MATERIALS PROVIDED Start Marker

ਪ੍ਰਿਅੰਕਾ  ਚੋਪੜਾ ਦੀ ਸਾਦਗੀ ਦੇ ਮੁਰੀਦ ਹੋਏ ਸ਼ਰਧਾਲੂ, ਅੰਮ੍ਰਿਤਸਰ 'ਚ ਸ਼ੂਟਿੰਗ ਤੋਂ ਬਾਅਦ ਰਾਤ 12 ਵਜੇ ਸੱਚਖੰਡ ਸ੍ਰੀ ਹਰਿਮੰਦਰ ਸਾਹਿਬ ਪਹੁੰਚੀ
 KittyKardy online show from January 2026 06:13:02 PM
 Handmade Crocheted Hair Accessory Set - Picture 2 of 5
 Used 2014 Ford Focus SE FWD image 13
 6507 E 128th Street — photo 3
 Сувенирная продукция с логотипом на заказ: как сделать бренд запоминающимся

MATERIALS PROVIDED End Marker

- [PROMPT] Restate every record exactly, leaving nothing out.

- [THE ANSWER]
ਪ੍ਰਿਅੰਕਾ  ਚੋਪੜਾ ਦੀ ਸਾਦਗੀ ਦੇ ਮੁਰੀਦ ਹੋਏ ਸ਼ਰਧਾਲੂ, ਅੰਮ੍ਰਿਤਸਰ 'ਚ ਸ਼ੂਟਿੰਗ ਤੋਂ ਬਾਅਦ ਰਾਤ 12 ਵਜੇ ਸੱਚਖੰਡ ਸ੍ਰੀ ਹਰਿਮੰਦਰ ਸਾਹਿਬ ਪਹੁੰਚੀ
 KittyKardy online show from January 2026 06:13:02 PM
 Handmade Crocheted Hair Accessory Set - Picture 2 of 5
 Used 2014 Ford Focus SE FWD image 13
 6507 E 128th Street — photo 3
 Сувенирная продукция с логотипом на заказ: как сделать бренд запоминающимся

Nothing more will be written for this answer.